A maximal planar n-vertex graph admits a bi-monotone planar smooth orthogonal 2-drawing in the Kandinsky model, which requires \(O(n^2)\) area and can be computed in O(n) time.

Proof

Bi-monotonicity follows by construction. The time complexity follows from [9]. Planarity is proven by induction. Drawing \(\varGamma _3\) is planar by construction. Assuming that \(\varGamma _{k-1}\) is planar, we observe that no two edges incident to \(v_k\) cross in \(\varGamma _k\). Also, these edges do not cross edges of \(\varGamma _{k-1}\). Since the radii of the arcs of the edges incident to vertices that are shifted remain unchanged and since edges incident to vertices in the shift-sets retain their shape, drawing \(\varGamma _k\) is planar.   \(\square \)

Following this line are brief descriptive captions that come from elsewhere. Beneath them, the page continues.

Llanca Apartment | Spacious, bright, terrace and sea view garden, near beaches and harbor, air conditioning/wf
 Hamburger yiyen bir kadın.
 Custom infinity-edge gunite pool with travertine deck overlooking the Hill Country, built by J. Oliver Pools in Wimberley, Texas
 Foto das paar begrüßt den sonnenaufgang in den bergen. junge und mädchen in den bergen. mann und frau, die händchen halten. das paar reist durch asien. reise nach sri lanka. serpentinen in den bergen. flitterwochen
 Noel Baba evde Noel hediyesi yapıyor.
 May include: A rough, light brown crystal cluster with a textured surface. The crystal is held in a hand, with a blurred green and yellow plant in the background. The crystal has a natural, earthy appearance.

We reduce the number of edges drawn with complexity 2 in two steps.  (S.1) We stretch the drawing horizontally (by employing appropriate vertical cuts; see, e.g., [17]) to eliminate the vertical segments of all red edges with a circular arc segment of non-zero radius. (S.2) We stretch the drawing vertically, to guarantee that the edges of a spanning tree (i.e., \(n-1\)) are drawn with complexity 1.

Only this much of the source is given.